[Lustre-discuss] Slow metadata, small file performance

Discussion:

Brent A Nelson

19 years ago

Well, thanks to several people on the list, I got Lustre 1.4.5 running on
my test setup (with Ubuntu Breezy, no less!), and it seems stable (no
problems so far that I didn't cause myself ;-)).

However, I've noticed that some things are performing rather subpar in
some limited testing with a single client. Large sequential reads and
writes seem quick (although perhaps not nearly as quick as would be
theoretically possible with this setup, it might make up for that when
multiple clients are running), but "ls -lR >/dev/null" (even with just a
single client and no other activity) and a "cp -a /usr /lustre1/test1"
(~3.5 minutes for a <350MB /usr) both perform more slowly than to an older
Linux box running NFS on fast ethernet (my Lustre servers have
channel-bonded gigabit, and dual PIII 1GHz processors rather than the NFS
server's 450MHz processors).

I tried increasing the lru_size on everything, but that didn't seem to
have any effect at all in this scenario (maybe it only matters when there
are many more clients). I also added mballoc and extents to the mount
options for the OSTs (small effect, if any). Setting the debug level to
zero helped significantly, but it's still much slower than NFS. The cp
takes maybe 50% longer than NFS and the ls takes about 300% longer. The
numbers are fairly similar whether I have 2 OSS servers serving 3 drbd
mirrors each, or the same servers just serving out a logical volume from
the system drive on each (although the more complex scenario is actually a
little faster for these tests, but still much slower than NFS). I
originally had the MDS on one of the OSS servers and tried moving it to a
third server, but the speed stayed the same.

Any ideas?

Many thanks! I know I've been rather scant on details; just let me know
and I'll provide whatever info you need.

Brent Nelson
Director of Computing
Dept. of Physics
University of Florida

Andreas Dilger

19 years ago

Permalink

"ls -lR >/dev/null" (even with just a single client and no other activity)
and a "cp -a /usr /lustre1/test1" (~3.5 minutes for a <350MB /usr) both
perform more slowly than to an older Linux box running NFS
I tried increasing the lru_size on everything, but that didn't seem to
have any effect at all in this scenario (maybe it only matters when there
are many more clients).

The single-client "ls -lR" case is one of the worst usage cases for Lustre.
We have plans to fix this, but haven't done so yet. If you are doing
repeat "ls -lR" on the same directory (and working set fits into LRU)
then the performance is greatly improved and you are still guaranteed
coherency, unlike NFS. That is why we recommend increased LRU sizes for
nodes that are being used interactively. HPC compute nodes rarely have a
large working set.

Similarly, if you have a large number of clients doing such operations
the aggregate performance will be higher than that of NFS. In some
usage scenarios adding more clients improves lustre performance instead
of hurting it.

Cheers, Andreas
--
Andreas Dilger
Principal Software Engineer
Cluster File Systems, Inc.

Brent A Nelson

19 years ago

Permalink

Once again, thanks for the reply!

...

Does this apply for the single-client copy case, as well? I imagine for a
/usr directory, with lots of small files, there would be a lot of metadata
activity.

I haven't noticed any performance improvement at all with the lru_size
change. Perhaps the directory metadata is small enough to fit in the
default lru_size. All I have in my test case is 2 ~350GB copies of /usr
and a single 4GB file (this totals to about 37000 files and 3000
directories).

Also, I don't notice any speed change between successive, identical ls
timings on a client. If I start up a new client and do the ls test twice
in a row I get almost identical timings (even when I bump up the
lru_size).

Is the caching on the metadata server, on the client, or both? If on the
server, perhaps the metadata has stayed in cache since the initial copies
and I've always been experiencing the cached peformance. But I see no
evidence of a client-side caching effect on the ls tests.

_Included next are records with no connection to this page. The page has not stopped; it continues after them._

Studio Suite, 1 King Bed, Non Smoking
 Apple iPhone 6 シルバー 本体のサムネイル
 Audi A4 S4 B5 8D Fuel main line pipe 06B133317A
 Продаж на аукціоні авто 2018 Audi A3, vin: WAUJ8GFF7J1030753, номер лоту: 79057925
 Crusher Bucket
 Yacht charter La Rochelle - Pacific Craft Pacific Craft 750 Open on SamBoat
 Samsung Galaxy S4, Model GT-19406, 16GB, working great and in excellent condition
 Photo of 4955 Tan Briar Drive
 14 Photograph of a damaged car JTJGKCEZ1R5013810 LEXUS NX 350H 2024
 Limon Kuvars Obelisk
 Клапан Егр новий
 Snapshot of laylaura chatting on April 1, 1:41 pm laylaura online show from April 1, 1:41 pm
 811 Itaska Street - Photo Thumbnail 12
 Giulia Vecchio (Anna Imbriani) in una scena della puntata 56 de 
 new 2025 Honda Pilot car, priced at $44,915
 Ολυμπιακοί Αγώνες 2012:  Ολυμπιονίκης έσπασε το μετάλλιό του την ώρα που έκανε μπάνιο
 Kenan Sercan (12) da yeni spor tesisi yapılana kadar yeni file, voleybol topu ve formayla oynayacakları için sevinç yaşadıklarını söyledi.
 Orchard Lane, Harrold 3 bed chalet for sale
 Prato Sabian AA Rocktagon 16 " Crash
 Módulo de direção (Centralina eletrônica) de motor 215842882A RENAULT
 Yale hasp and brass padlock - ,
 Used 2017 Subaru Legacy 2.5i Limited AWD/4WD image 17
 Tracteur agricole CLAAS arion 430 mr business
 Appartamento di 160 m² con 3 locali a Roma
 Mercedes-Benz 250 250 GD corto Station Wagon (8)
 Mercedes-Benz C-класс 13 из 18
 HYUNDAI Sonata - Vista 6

Also, during the ls tests, I noticed there was some activity on the OSTs;
why is that? I would have thought this was purely a metadata operation.

Assuming nothing's wrong (and it may be a while before someone improves
the behavior of the code in this situation), what would I do to improve
performance in this case? What hardware improvement would be of most
benefit with the present code, faster processors, faster disks, lower
latency disks, lower latency connection between nodes, more OSS nodes,...?

Thanks,

Brent

Andreas Dilger

19 years ago

Permalink

Post by Brent A Nelson
I haven't noticed any performance improvement at all with the lru_size
change. Perhaps the directory metadata is small enough to fit in the
default lru_size. All I have in my test case is 2 ~350GB copies of /usr
and a single 4GB file (this totals to about 37000 files and 3000
directories).

If your 40k files is larger than the LRU size then it is expected that
the performance would not be improved. The default LRU size is 100,
and in newer versions 100 * num_cpus.

Also, if you are increasing the LRU size, both the MDC and OSCs need
to have larger LRUs. The OSC LRU size can be $defaultstripe_count/$num_osts
of the MDC LRU, since you will be able to cache more object locks for
the larger number of OSTs.

Post by Brent A Nelson
Is the caching on the metadata server, on the client, or both? If on the
server, perhaps the metadata has stayed in cache since the initial copies
and I've always been experiencing the cached peformance. But I see no
evidence of a client-side caching effect on the ls tests.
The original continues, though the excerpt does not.